Le centre recueille les preuves d’exactions grâce à son équipe locale, aux témoignages spontanés des Syriens, ainsi qu’au travail de partenaires locaux, comme le Centre de documentation des violations fondé par Razan Zaitouneh, avocate et militante des droits de l’homme très en vue, enlevée le 9 décembre 2013 à Douma. «Nous avons déjà recueilli 600 000 vidéos et nous pensons qu’une fois le conflit terminé, les gens viendront spontanément avec des documents conservés pendant la guerre», dit le président du centre. Quant à Razan Zaitouneh, qui est selon toute vraisemblance détenue avec trois autres militants par un groupe islamiste, une autre campagne vient d’être lancée pour sa libération.4

Le 15 mai dernier, une centaine de groupes de défense des droits de l’homme ont appelé le Conseil de sécurité de l’ONU à approuver une résolution pour déférer la situation de la Syrie devant la Cour pénale internationale. De son côté, Mohammad Al Abdallah vise un objectif plus concret: «Au-delà d’une action devant la justice internationale dont les coûts sont exorbitants et les résultats changent peu la vie des gens, nous espérons que notre base de données servira à un processus de justice transitionnelle qui permette aux Syriens de vivre ensemble une fois la guerre terminée.» I

1 Il est aussi chroniqueur régulier dans
Le Courrier
2http://free-syrian-voices.org
3http://syriaaccountability.org.
http://douma4.wordpress.com
Voir aussi la carte des mouvements non-violents syriens réalisée par le SNVM:www.alharak.org/nonviolence_map/en/

A lire sur Médiapart.fr: « Le régime syrien s’acharne sur les opposants pacifistes« 

Rejet de l’élection présidentielle

«Le dictateur ne va pas être ‘encore élu’, car il n’a jamais été élu. Des élections signifient une démocratie; c’est ce que la révolution syrienne essaye d’atteindre», répond Ibrahim el-Assil quand on lui demande ce qu’il pense de l’élection présidentielle prévue le 3 juin en Syrie. «Beaucoup de Syriens surnomment ce scrutin #BloodElections, car il va encore fragmenter la société syrienne et accroître la violence», ajoute-t-il.
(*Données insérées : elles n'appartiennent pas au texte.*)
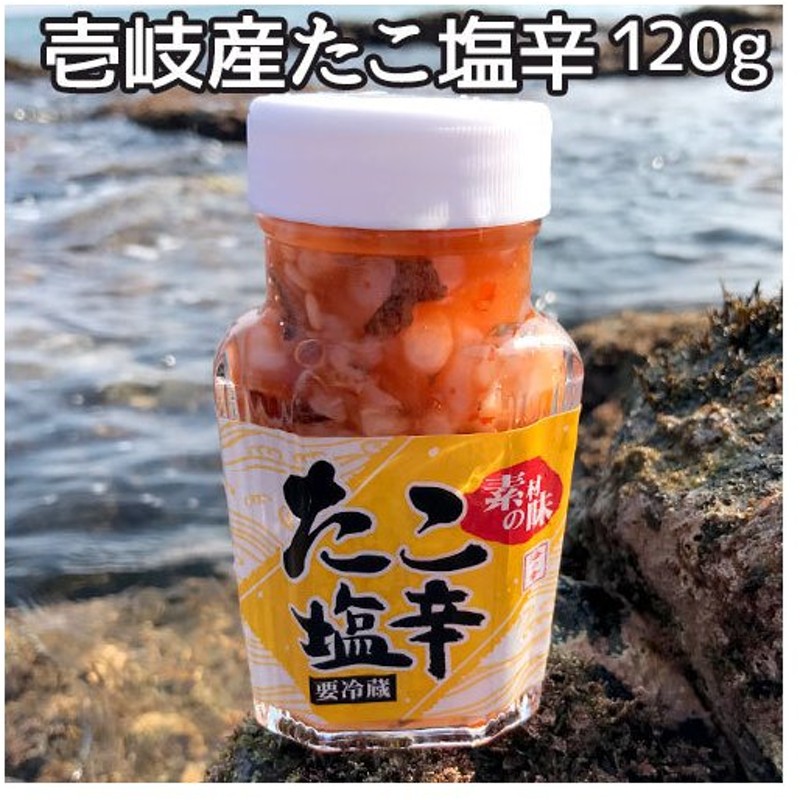 D 本尾海産 いか塩辛 ゆず 60g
#BloodElections, c’est la campagne lancée sur les réseaux sociaux par un réseau d’activistes syriens pour dénoncer la tenue de la présidentielle. Une initiative qu’ils considèrent comme «une farce, alors que les barils de TNT pleuvent sur les maisons des civils, que l’odeur de chlore s’empare des poumons des enfants, que les bombardements aériens ont déraciné des millions de réfugiés et que la mort et la famine ont éradiqué des dizaines de milliers de personne, sous le siège ou dans les prisons.»

Ignace Leverrier, ex-diplomate, auteur du blog «Un œil sur la Syrie», rappelle que ce scrutin tourne le dos, entre autres, à l’article 34 de la Constitution de février 2012. D’une part, les Syriens vivant dans les zones hors de contrôle du régime ne verront pas la couleur d’un bulletin de vote. D’autre part, le 29 avril, le président du Haut Comité électoral a imposé aux électeurs résidant à l’étranger l’obligation de se présenter avec un passeport portant le tampon qui atteste de leur sortie régulière de Syrie. Plus de 2,5 millions de réfugiés syriens se retrouvent de la sorte exclus du scrutin.